I say this because I recently saw Marks & Spencer’s [M&S] in the UK be a bit smart with their sourdough bread.
It’s this.
Good eh?
Rather than chuck the bread out as it starts to go stale … shove loads of garlic butter in them, place them in a fridge and flog them as mouthwatering garlic bread you just have to heat-up before shoving down your throat.
OK, they could have given it to the needy rather than find another way to take every last penny from their customers, but it’s still devastatingly simple. And smart.

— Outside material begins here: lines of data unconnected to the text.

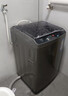 海尔（Haier）全自动波轮洗衣机10KG 直驱变频 家用宿舍 一级能效 家电国家补贴以旧换新京东自营 EB100B32Mate1 实拍图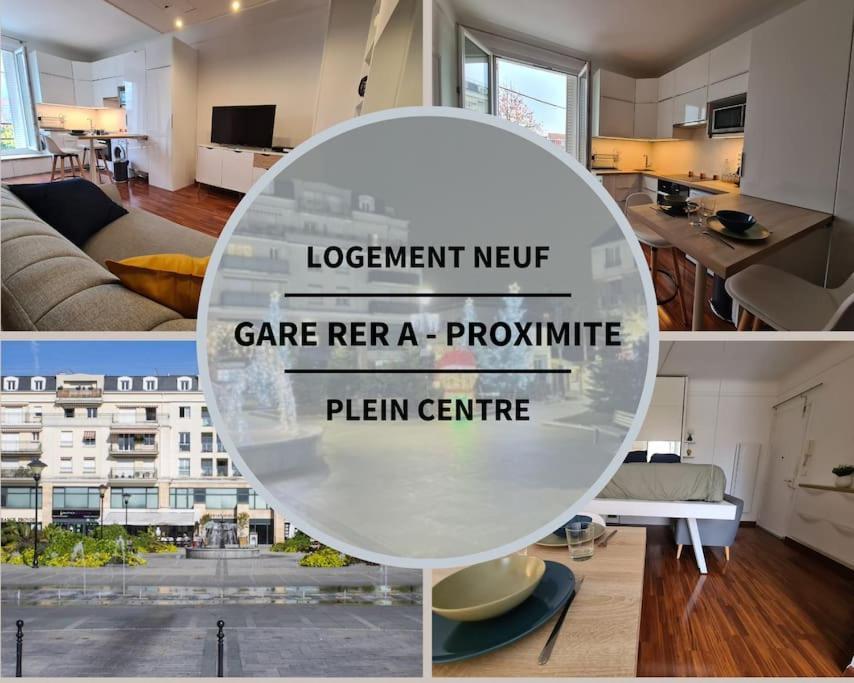 Studio A 2 Pas De La Gare Sartrouville Exteriér fotografie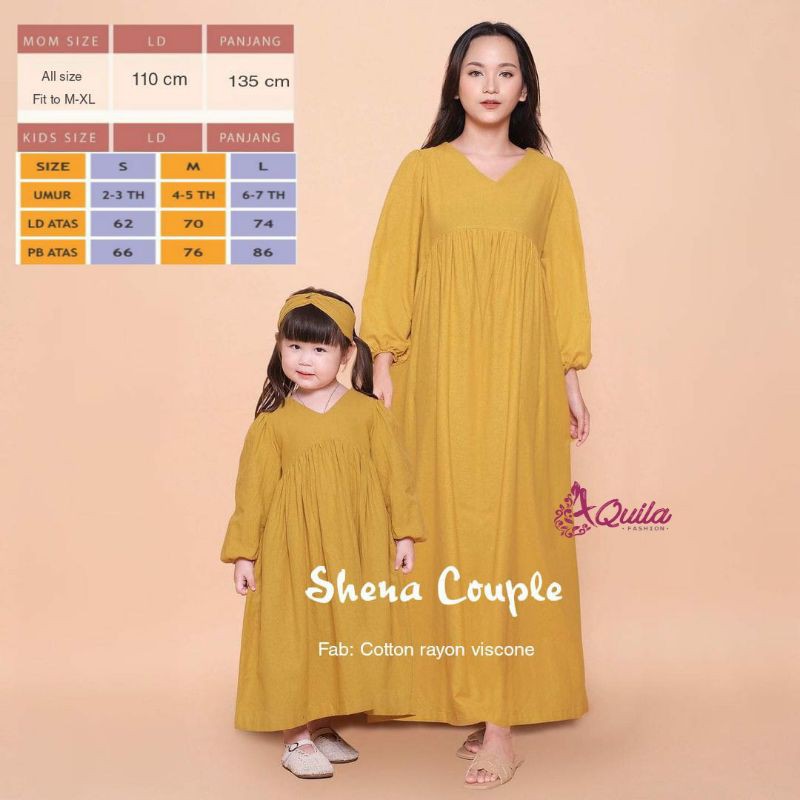 SHENA COUPLE by Aquila Fashion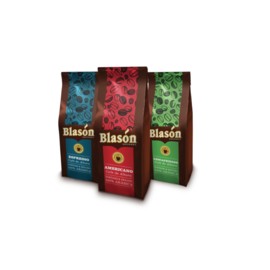 Café blasón espresso molido  1K - KOZ-DespensasyMas- Abarrotes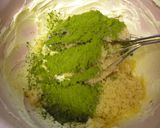 抹茶チーズケーキ作り方3写真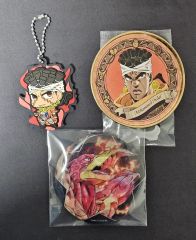ULTRA-VIOLENCE×ジョジョの奇妙な冒険 コラボブローチ - メルカリ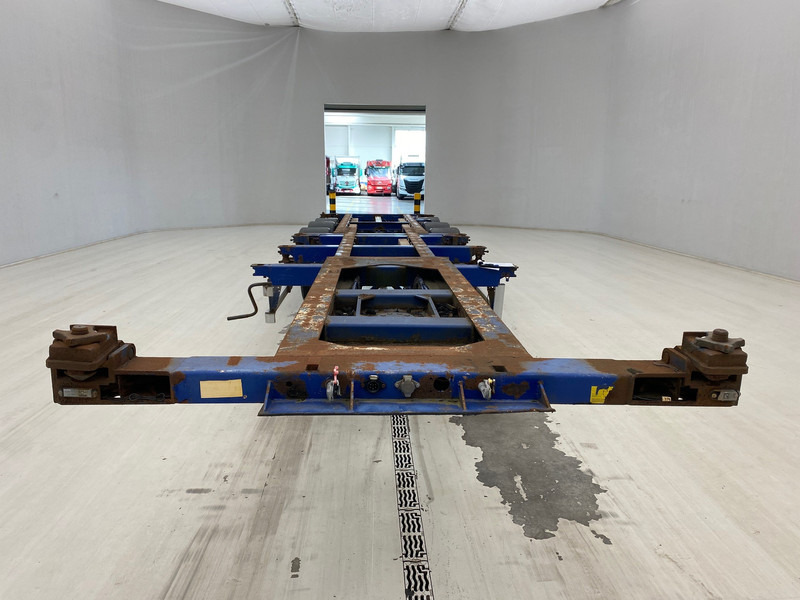 Renders Skelet 20-30-40 ft - نصف مقطورة لنقل الحاويات: صورة 2 Renders Skelet 20-30-40 ft - نصف مقطورة لنقل الحاويات: صورة 2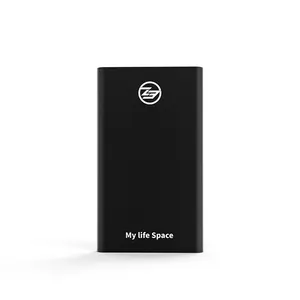 KingSpec Ultra-thin mobile hard disk Portable External Type-C USB3.1 SSD 480GB Hard Disk Drive For Laptop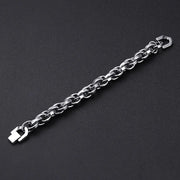 Riven Knox Bracelet | White Gold – view 2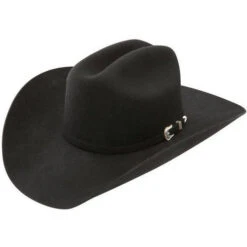 Stetson 4X Deadwood Felt Hat - Black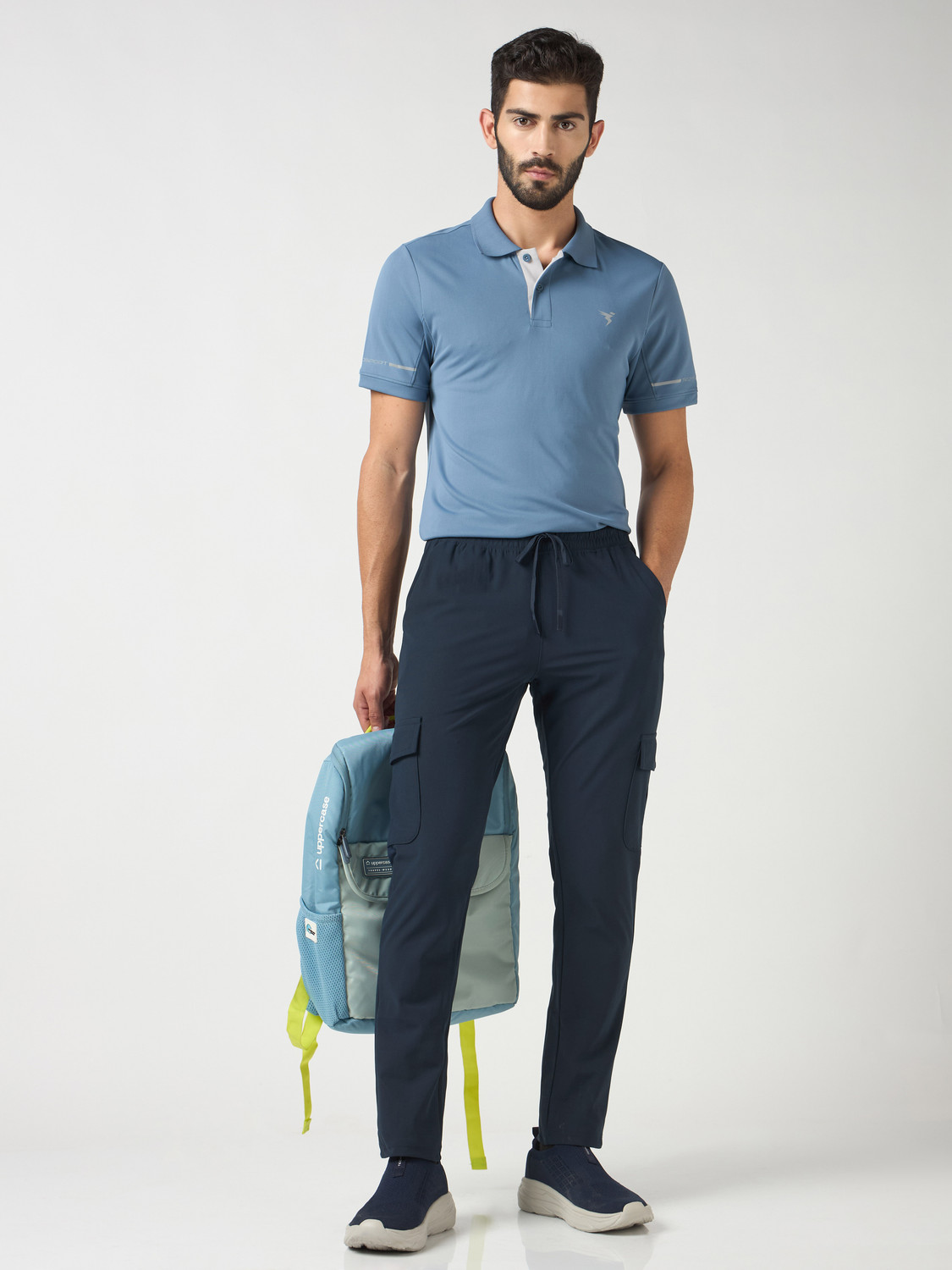 Image of TECHNOSPORT Men Cargos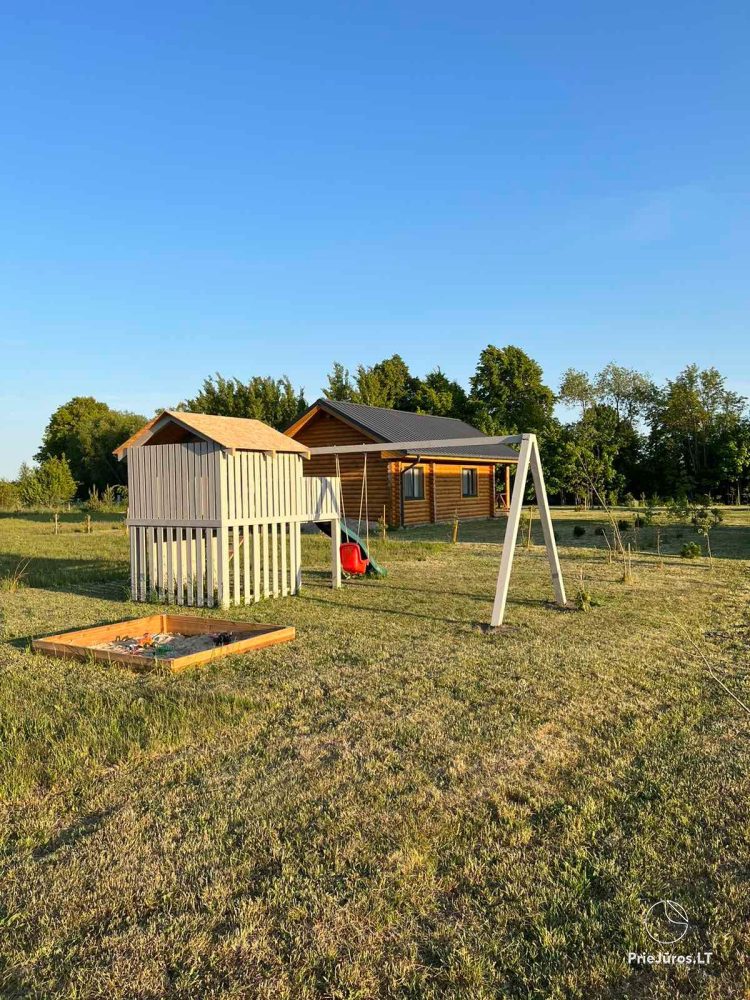 Cozy cottages for your vacation in Nida, Latvia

They’ve also launched a range of ‘minimal ingredient’ food … which is clever for a whole host of reasons. The first being the increased awareness and desire for preservative free food. The second being it goes off faster, so there’s a good chance people will end up having to buy more when their best intentions to eat it gets scuppered with life etc. Given it is probably even more expensive than the preservative counterpart – I know, paying a premium for less, classic capitalism – and everyone can kinda win with this.
To be fair, I’ve always been quite impressed how supermarkets innovate – they’ve done far more and in more ways than most organisations – but while ‘pre-packaged’ garlic bread is not a new thing [though garlic sourdough loaves is a whole other level] … as is finding new ways to extend old/ugly food … it’s still a perfect example of creative thinking.
It’s also a lesson to the ad industry on how to sell creative thinking.
Because for all the systems, processes, charts and models we love to bang on about, the key seems to be much simpler.
Solve a real problem. [Opportunity]
Show why people will really pay for your solution. [Benefit]
Make it easy-as-fuck for them to buy [Action]
[including what they have to do at their end to make it happen]
I say this, but I bet there’s still strategists and agencies out there who would still write a 305 page deck to explain this idea …
As I have said before, if the solution feels more complicated than the problem, why the fuck do we expect anyone to do it?